Sunday, July 27, 2008

A new start

Well, it was a little over four weeks ago when we started this journey, my little one. And while I was cautious, I was so very optimistic until my first doctor's appointment on Tuesday. But that's all going to change. What happened this past week - all the tears and heartache - is going to end. Your mommy is going back to the excited and positive mommy she was when this journey began!

You've proven the doctors wrong so far and for that I'm incredibly proud. I knew you were in there growing and growing. So what if it wasn't at the "normal" rate that most pregnancy's progress? I've always prided myself in not being normal so of course my pregnancy and my baby would be no different! :) ...

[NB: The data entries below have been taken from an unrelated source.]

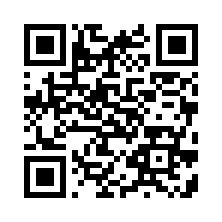 QR Code for 1F1VVwbxPGeiVM2DNA3NZmPVH5dEWSGFn5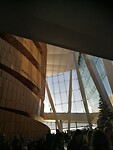 IMG_20231202_124350
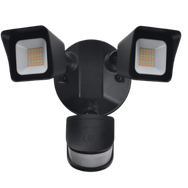 Track Lighting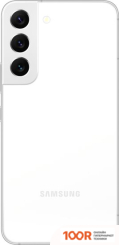 Мобильный телефон Samsung GALAXY S22 5G SM-S9010 8GB/256GB (БЕЛЫЙ ФАНТОМ) (159743)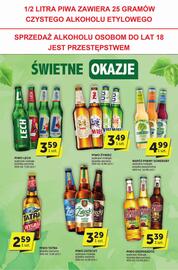 ABC gazetka Strona 26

I'm a little sad that I didn't get to see you at yesterday's appointment, but seeing your daddy's face and hearing him describe you was good enough for this time around. And next time, I'll be sure to ask for another pillow or something because there's no way I'm missing seeing your little heart beat pulsating away! No way! And I have no doubts - NONE - that this will be the case!

I have a succinct feeling that pregnancies didn't always go down like this way back in the day. I doubt your grandmother had all the tests I've been having. I would venture to guess that when she became pregnant with me and your aunt and uncle, she was just pregnant and that was that. I mean, sure there was worry, but I really think what happened this past week was a ridiculous amount of added stress and worry that very well could've been avoided.

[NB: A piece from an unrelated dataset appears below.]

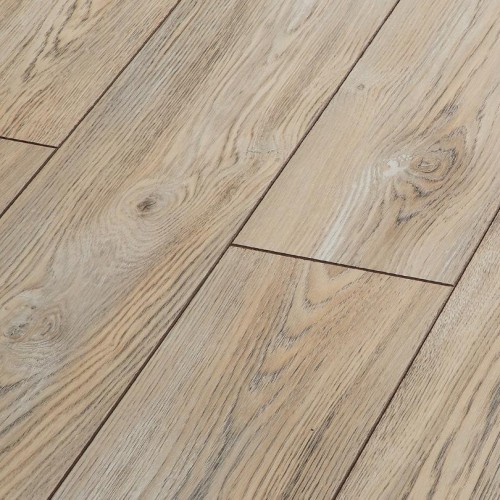 Ясень Гарда LM04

Don't get me wrong; I'm absolutely grateful to do whatever I have to do to ensure you grow and grow in the healthiest way possible, but really, this past week was so draining and hard and I'm just so proud of you for sticking it out with me and proving them all wrong. And yes, you're even worth the $90 I forked over yesterday for the prescription that should boost the progesterone. And yes, maybe without it things wouldn't progress the way I know they will... but still! It was quite a week.

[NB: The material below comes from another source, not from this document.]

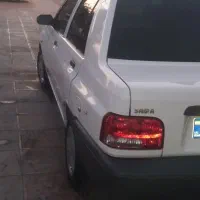 خریدو فروش ماشین پرشیا  و پول نقد اگهی بخونید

But that was then and this is now...and tomorrow is the start of a new week with you. And what a beautiful week it will be!

XOXOXO

2 comments:

AllieQB said...

Your optimism and faith in this child is truly inspiring. I am so proud of you. Hang in there little one, you have an amazing mom and dad waiting for you.

Angie said...

Keep on being positive! It can do wonders for your body, and I have no doubt it will.